酒店餐廳。
葉靳言先到,霁寒煜看到葉靳言,拽拽的走了過去。
霁寒煜直接伸出手:“我老婆的耳環呢?給我。”
葉靳言輕笑,伸手示意霁寒煜坐下。
“先給我。”霁寒煜說。
他等下得到耳環,一定要先拿去消過毒才行,霁寒煜心裏如是想着。
“我拿這耳環有什麽用嗎?你至于這麽迫切嗎?”葉靳言搖搖頭,自顧自暇的切了一塊牛排放在自己嘴裏。

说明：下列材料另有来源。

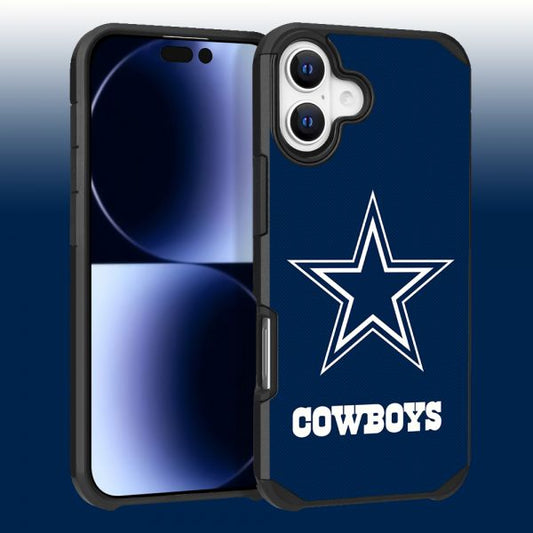 Apple iPhone 16 Plus (6.7) - NFL Licensed Dallas Cowboys Team Logo on Blue Textured Dual Layer Case (1103121) (MSRP $44.99)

“呵……誰知道呢?”霁寒煜悠悠的坐下:“畢竟知人知面不知心。”
葉靳言微微笑着,但嘴角有着苦澀,眸子裏有着複雜。
“要說以前,我或許還想和你争一争?或許,還有資格可以和你争一争?
不過現在,我清楚自己的定位,我也有自知之明。”葉靳言實話實說。
“呵……我就知道。”霁寒煜暼了葉靳言一眼:“江可岚那母的就是你的擋箭牌罷了。”
偏偏白皓雪還相信的不得了,每次他一吃醋,她就覺得他無理取鬧。
因爲白皓雪總是說,當初她和葉靳言訂婚是假的,他們是互相合作,也可以說是互相利用。
因爲葉靳言真正想娶的人是江可岚,她不過是葉靳言保護江可岚的擋箭牌罷了。
而葉靳言呢?不過也是白皓雪擋程氏集團那群老古董的擋箭牌罷了。
“對啊。”葉靳言說:“像你情商這麽低的人都能看出來,爲什麽皓雪就看不出來呢?”
“……”
“你特麽罵誰情商低呢?”霁寒煜冷哼:“誰讓你這個人會裝,會演呢?
白皓雪那死女人,對你的話總是深信不疑,信任的不得了。所以你說的話她不會懷疑,她當然信了。”
再加上葉靳言雖然不喜歡江可岚,可是對江可岚确是真的好。
他和江可岚才是真的從小住在一個屋檐下,從小一起去上學,放學,回家一起學習的關系。
葉靳言對江可岚,不是親兄妹,勝是親兄妹。
當然,江可岚對葉靳言的感情,那可就不是所謂的兄妹情了。
“所以……”霁寒煜絲毫不掩飾已經的嘲諷:“你是成在她對你的信任,敗也是她對你的信任。”
這個信任,不僅僅是針對葉靳言“騙訂婚”的那件事兒,還有後來葉靳言和三号合作的事情。
不管葉靳言有什麽原因……他當初利用了白皓雪對他的信任來傷害、欺騙白皓雪是事實。
白皓雪能原諒葉靳言,葉靳言都不能原諒自己。
“都說殺人不如誅心,好像很有道理。”葉靳言看向霁寒煜:“誅心這一點、你真是玩的爐火重輕了。”
霁寒煜不以爲然,本想倒杯酒來喝喝,但是又想到白皓雪生氣的臉,于是霁寒煜趕緊縮回了手。
霁寒煜挑眉:“那也是你給了我機會啊,不然我想玩也沒得玩啊,不是嗎?”
葉靳言沒回答,沉默着便算是認可了霁寒煜的話。
他的沒資格,就是從那一刻開始的……從他承受不了黑蠱的痛苦,選擇和三号狼狽爲奸的那一刻開始,他就沒有資格了。